An Old Testament KnoWhy relating to the reading assignment for Gospel Doctrine Lesson 14: “Ye Shall Be a Peculiar Treasure Unto Me” (Exodus 15-20; 32-34) (JBOTL14B)
Question:The making of the golden calf is often presented as the height of Israel’s rejection of God and His law. But it was only one of several incidents of rebellion that occurred in the wilderness. Among all these provocations, which ones were the most serious?

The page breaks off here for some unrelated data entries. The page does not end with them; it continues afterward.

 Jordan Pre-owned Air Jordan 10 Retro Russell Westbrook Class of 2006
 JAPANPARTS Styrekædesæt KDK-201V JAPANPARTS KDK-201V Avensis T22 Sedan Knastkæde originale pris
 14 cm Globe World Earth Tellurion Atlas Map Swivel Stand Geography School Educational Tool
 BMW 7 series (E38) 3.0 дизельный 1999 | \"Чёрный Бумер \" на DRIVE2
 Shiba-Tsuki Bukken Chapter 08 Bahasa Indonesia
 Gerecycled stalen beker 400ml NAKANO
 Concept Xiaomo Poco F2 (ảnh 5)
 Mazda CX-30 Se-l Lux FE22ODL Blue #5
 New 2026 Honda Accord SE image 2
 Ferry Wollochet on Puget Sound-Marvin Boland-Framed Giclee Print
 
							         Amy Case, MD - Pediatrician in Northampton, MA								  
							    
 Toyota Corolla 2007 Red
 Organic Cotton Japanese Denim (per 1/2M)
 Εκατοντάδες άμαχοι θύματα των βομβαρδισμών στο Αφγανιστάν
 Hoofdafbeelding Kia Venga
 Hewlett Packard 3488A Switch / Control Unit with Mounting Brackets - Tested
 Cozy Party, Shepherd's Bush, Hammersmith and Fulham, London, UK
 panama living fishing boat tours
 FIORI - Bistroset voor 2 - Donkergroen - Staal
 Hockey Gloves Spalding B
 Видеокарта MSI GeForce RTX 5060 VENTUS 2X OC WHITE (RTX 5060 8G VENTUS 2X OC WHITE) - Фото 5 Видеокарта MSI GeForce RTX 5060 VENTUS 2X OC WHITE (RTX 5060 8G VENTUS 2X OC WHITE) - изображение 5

Summary: The translations, revelations, and teachings of the Prophet Joseph Smith make it clear that the most serious provocations of Israel had nothing to do with their frequent complainings in the wilderness, as one might otherwise imagine. Rather, they had to do with Israel’s deliberate rejection of “the last law from Moses,” a law associated with the fulness of the priesthood and its blessings. In their rejection of that law, Israel had refused “to sanctify [themselves] that they might behold the face of God” at Sinai. Instead, they prayed “that God would speak to Moses and not to them.” “In consequence of [their actions, God] cursed them with a carnal law.” And, as a result of their actions, the generation of Israelites who left Egypt in the Exodus would neither enter into the promised land nor into “the rest of the Lord” during their mortal lives. Happily, the Lord holds out the possibility of receiving these sometimes-rejected blessings to faithful disciples in our day who are willing to make and keep the covenants that will enable them to continually enjoy the divine presence. Through “sufficient hope,” the “peaceable followers of Christ” may “enter into the rest of the Lord” in this life, “until [they] shall rest with him in heaven.” This rest “is the fulness of his glory.”